Harry Brennan was born in 1949 and came to Alexandria, inner city Sydney, when he was seven. He grew up in family of twelve children, another four having died in infancy. In his interview he describes working class life and his father’s early death. He also recalls his widowed mother’s political involvement and her work as a barmaid and factory worker, and many aspects of childhood including entertainment, Cracker Night, the Speedway, and children’s paid work. In the excerpt below he remembers selling newspapers as a boy at the workshops at the Eveleigh rail yards, which once dominated the local landscape.
We used to go and sell papers and I used to sell papers at Eveleigh Workshop. There was Eveleigh 1 and Eveleigh 2, and in those days you could put a hundred papers down and walk up to the next place and pick up the money from the other hundred papers, and go back and pick up the money from the others. People used to put the money down and pick up the paper and always leave the money.
And what about the other local kids?
Most of them were selling papers. We used to hop on the tram and sell papers on the tram going down to St Peters or going down Botany Road. Sometimes we’d go into some other paperboy’s area and we’d have to settle it.
And the tram drivers used to just let you on?

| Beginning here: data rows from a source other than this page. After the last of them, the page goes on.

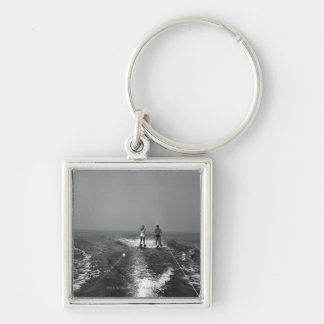 Two people waterskiing key ring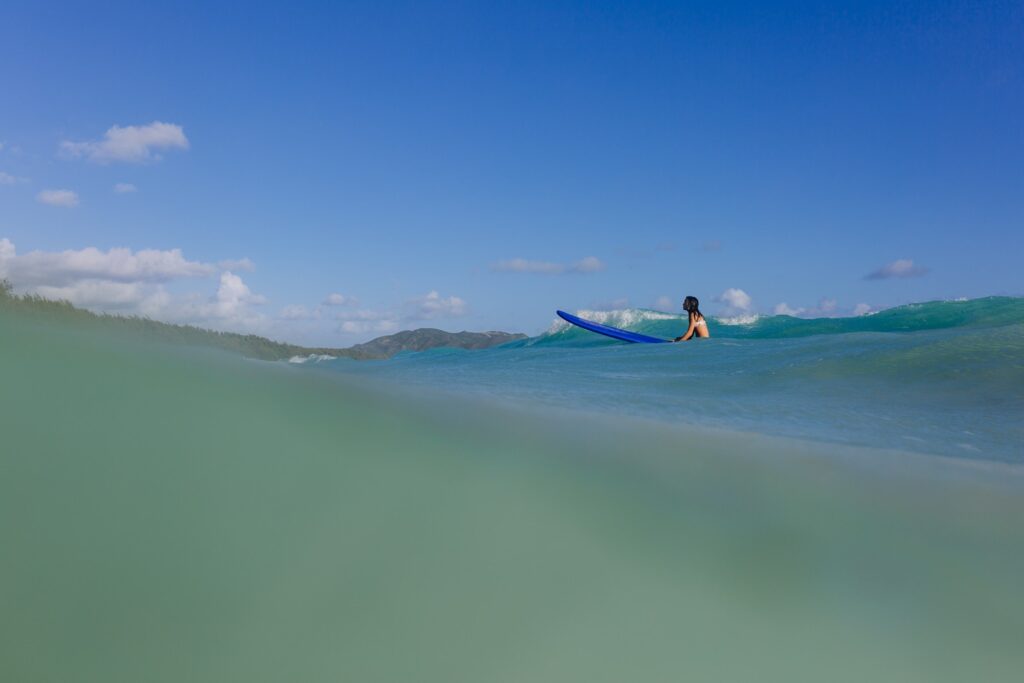 girl surfing at sherwood beach in waimanalo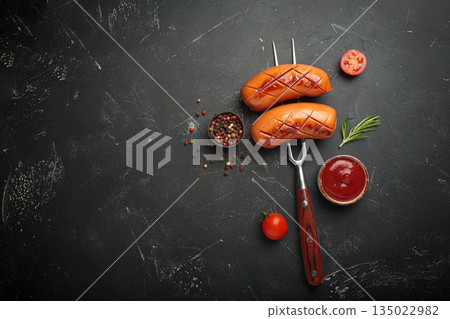 Grilled sausages fork ketchup spices bbq barbecue tomato black background copy space Grilled sausages fork ketchup spices bbq barbecue tomato black background copy space 135022982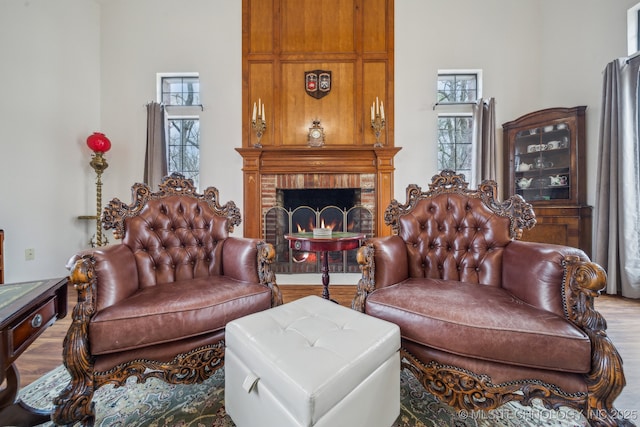 living area with wood finished floors, a brick fireplace, and a towering ceiling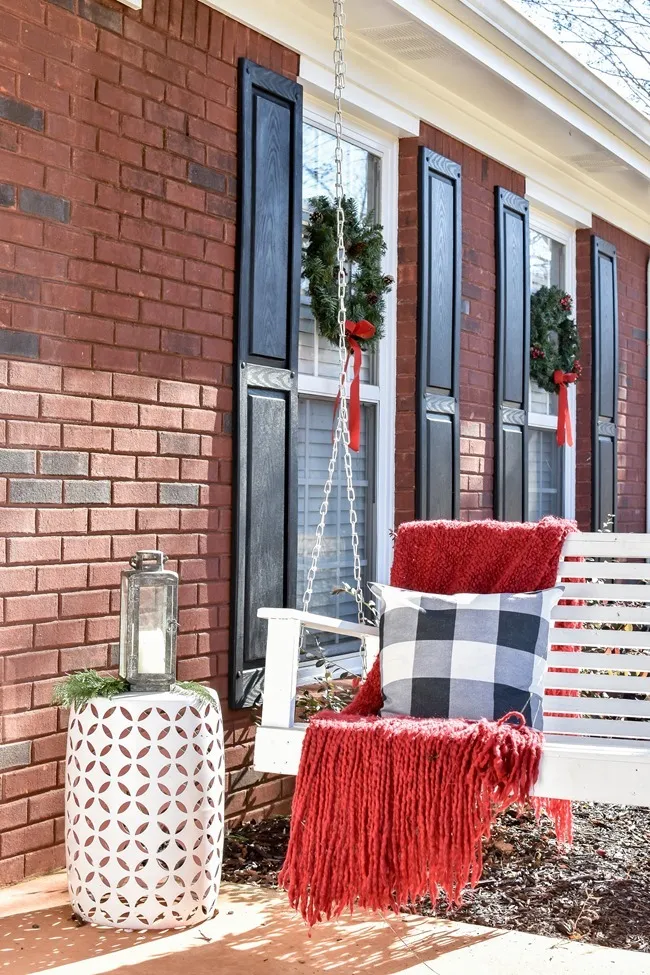 Farmhouse style Christmas front porch with picket fences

Well, if you hopped on a bus or a tram you used to be able to walk straight through: “Paper!”, “Yes, thank you”, and then you’d get off at the next stop or a few stops down the road. I remember when we were selling papers we used to put a lay-by on a Chinese meal. We used to leave a shilling every day at the Chinese shop and on Friday night all the paperboys’d get together and we’d have a banquet, so we used to lay-by our Chinese meal, at the Canton in Botany Road.